А потом перед баром воздвигся Док, потерявший где-то свою шляпу, волосы его были всклокочены; он схватил за горлышко пустую бутылку и отбил ей дно, ударив о стойку бара, взмахнул ей и зловеще каркнул что-то по-русски.

Тут же Бур перевел на английский: «Убивайте Пауков и немцев!»

И Док после этого не свалился снова; впрочем, я видела, что он крепко вцепился в стойку бара, а в помещении Станции стало совсем тихо, гораздо тише, чем я когда-либо слышала, и взгляд Брюса начал наконец перемещаться к Сиду.

Но он не дошел до Сида, и я услышала, как Брюс спросил:

– Мисс Форзейн? – и я подумала: «Ну, это же вообще смешно», и начала оборачиваться, разыскивая графиню, а потом увидела, что все смотрят на меня и осознала: «Эй, да это же он про меня!
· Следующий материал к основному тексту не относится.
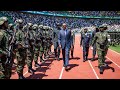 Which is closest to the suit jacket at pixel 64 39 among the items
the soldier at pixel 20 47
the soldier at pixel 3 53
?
the soldier at pixel 20 47

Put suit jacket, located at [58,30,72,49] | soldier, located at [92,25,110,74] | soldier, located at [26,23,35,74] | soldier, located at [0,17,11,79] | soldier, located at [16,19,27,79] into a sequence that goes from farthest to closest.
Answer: suit jacket, located at [58,30,72,49] < soldier, located at [92,25,110,74] < soldier, located at [26,23,35,74] < soldier, located at [16,19,27,79] < soldier, located at [0,17,11,79]

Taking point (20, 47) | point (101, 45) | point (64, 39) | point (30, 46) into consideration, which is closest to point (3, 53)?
point (20, 47)

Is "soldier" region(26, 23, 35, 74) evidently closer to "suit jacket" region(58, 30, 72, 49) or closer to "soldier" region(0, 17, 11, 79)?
"suit jacket" region(58, 30, 72, 49)

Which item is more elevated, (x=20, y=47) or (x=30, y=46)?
(x=20, y=47)

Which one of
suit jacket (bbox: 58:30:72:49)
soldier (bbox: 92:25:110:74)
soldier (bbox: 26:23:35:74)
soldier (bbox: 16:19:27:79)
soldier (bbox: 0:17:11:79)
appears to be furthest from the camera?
suit jacket (bbox: 58:30:72:49)

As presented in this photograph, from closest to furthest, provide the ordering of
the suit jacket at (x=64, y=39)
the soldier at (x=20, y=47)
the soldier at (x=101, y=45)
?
the soldier at (x=20, y=47) < the soldier at (x=101, y=45) < the suit jacket at (x=64, y=39)

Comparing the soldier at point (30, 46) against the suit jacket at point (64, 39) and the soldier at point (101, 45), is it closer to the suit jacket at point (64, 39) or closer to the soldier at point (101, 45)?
the suit jacket at point (64, 39)

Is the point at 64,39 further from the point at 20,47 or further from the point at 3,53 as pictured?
the point at 3,53

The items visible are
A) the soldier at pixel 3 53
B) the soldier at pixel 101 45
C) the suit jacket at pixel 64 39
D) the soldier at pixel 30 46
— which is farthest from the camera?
the suit jacket at pixel 64 39

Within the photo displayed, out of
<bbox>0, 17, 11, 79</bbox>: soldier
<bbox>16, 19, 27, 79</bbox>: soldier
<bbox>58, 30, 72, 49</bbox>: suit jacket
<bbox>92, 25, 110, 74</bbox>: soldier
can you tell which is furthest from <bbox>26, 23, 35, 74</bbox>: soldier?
<bbox>0, 17, 11, 79</bbox>: soldier

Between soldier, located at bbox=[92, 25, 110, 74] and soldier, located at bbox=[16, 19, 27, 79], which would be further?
soldier, located at bbox=[92, 25, 110, 74] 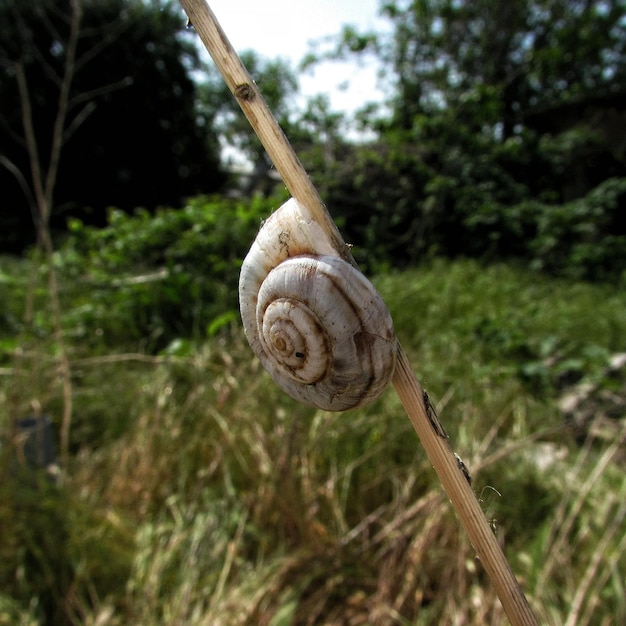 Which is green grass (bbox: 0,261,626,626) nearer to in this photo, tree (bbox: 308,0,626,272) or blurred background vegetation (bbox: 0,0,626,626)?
blurred background vegetation (bbox: 0,0,626,626)

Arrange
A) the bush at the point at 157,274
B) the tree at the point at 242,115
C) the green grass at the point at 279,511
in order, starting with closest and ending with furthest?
the green grass at the point at 279,511
the bush at the point at 157,274
the tree at the point at 242,115

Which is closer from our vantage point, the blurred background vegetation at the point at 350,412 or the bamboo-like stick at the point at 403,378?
the bamboo-like stick at the point at 403,378

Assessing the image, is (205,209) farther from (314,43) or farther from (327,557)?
(314,43)

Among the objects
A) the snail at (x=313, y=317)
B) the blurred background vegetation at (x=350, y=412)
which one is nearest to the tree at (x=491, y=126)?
the blurred background vegetation at (x=350, y=412)

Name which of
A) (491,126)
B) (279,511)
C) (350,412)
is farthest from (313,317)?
(491,126)

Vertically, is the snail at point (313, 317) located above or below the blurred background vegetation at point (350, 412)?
above

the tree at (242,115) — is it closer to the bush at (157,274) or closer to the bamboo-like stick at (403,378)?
the bush at (157,274)

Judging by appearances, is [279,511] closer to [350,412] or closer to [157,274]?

Но ведь меня-то это не касается. Другие – да, но не я же. Я здесь просто работаю. Не троньте Грету, нет, нет, нет!…»

Но их взгляды уперлись в меня и не отпускали, а тишина стояла такая, что я сказала себе: «Грета, ты должна хоть что-нибудь сказать, хоть какое-нибудь подходящее к случаю слово из четырех букв», а потом я вдруг поняла, на что похожа эта тишина. Это как будто в большом городе в одно мгновение выключили все шумы. Как будто Эрих продолжал петь, когда рояль уже умолк. Как будто Ветры Перемен полностью утихли… и я, кажется, заранее знала, что случилось, еще до того, как успела увидеть.

Девушки-призраки исчезли. Главный Хранитель не был переключен на интроверсию, как я полагала. Он тоже исчез.